The two main arguments against the relevance of gold mine supply are as follows:
- Newly mined gold supply makes up only a small portion of existing gold stocks (about 1.5%) and thus it is so small that it does not influence price.
- Exchanges such as the London Bullion Market Association (LBMA) can trade the equivalent of total annual mined supply in less than a week, thus it is such a small portion of total gold trading that it is irrelevant to the price.
These arguments are essentially two sides to the same coin -- that newly mined gold supply is a small portion of either total gold stocks or total gold trading and thus it is irrelevant. Let us now go into the flaws in these arguments.
Newly Mined Gold Supply is Only a Small Portion of Existing Gold Stocks
This argument is based on the premise that the total amount of existing gold is around 171,000 tonnes (we and others have questions about the accuracy of this number, but we will use it since it is probably the most cited amount), while according to the USGS, new mine supply is around 2700 tonnes per year. That means that total newly mined gold only adds 1.5% to total gold inventories, and thus can have little impact on the price.
The problem with this argument is that the great majority of the above-ground gold stock is not up for sale. Sentimental jewelry, heirloom artifacts, central bank gold reserves, industrial goods with gold content, forgotten/buried gold, and even everyday jewelry is not gold that is up for sale except in exceptional circumstances. For example, the gold reserves of the top 40 central banks make up around 30,000 tonnes (a little less than 20% of all existing gold), this is gold that exists but cannot be counted as gold supply because it is not available to the market.

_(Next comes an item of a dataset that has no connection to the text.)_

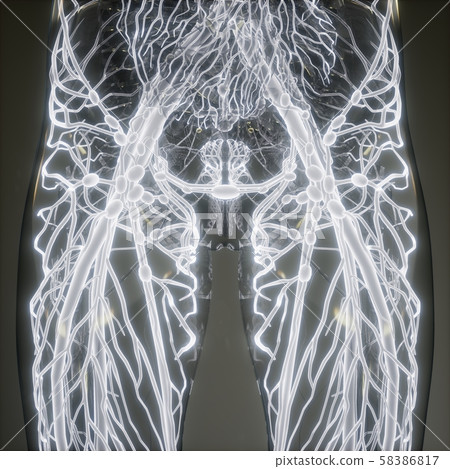 Blood Vessels of Human Body 58386817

It may be better for investors to think of total existing gold supply similar to the way we think of shares of stock in a company. Total existing gold is like outstanding shares, gold actually available for sale is like the stock's float, and newly mined gold supply is like new share issuance. Holders of gold who have no intention to sell (whether for political, economic, or investment reasons), are shareholders but their shares are not part of the current "gold float" and are thus not able to satisfy demand.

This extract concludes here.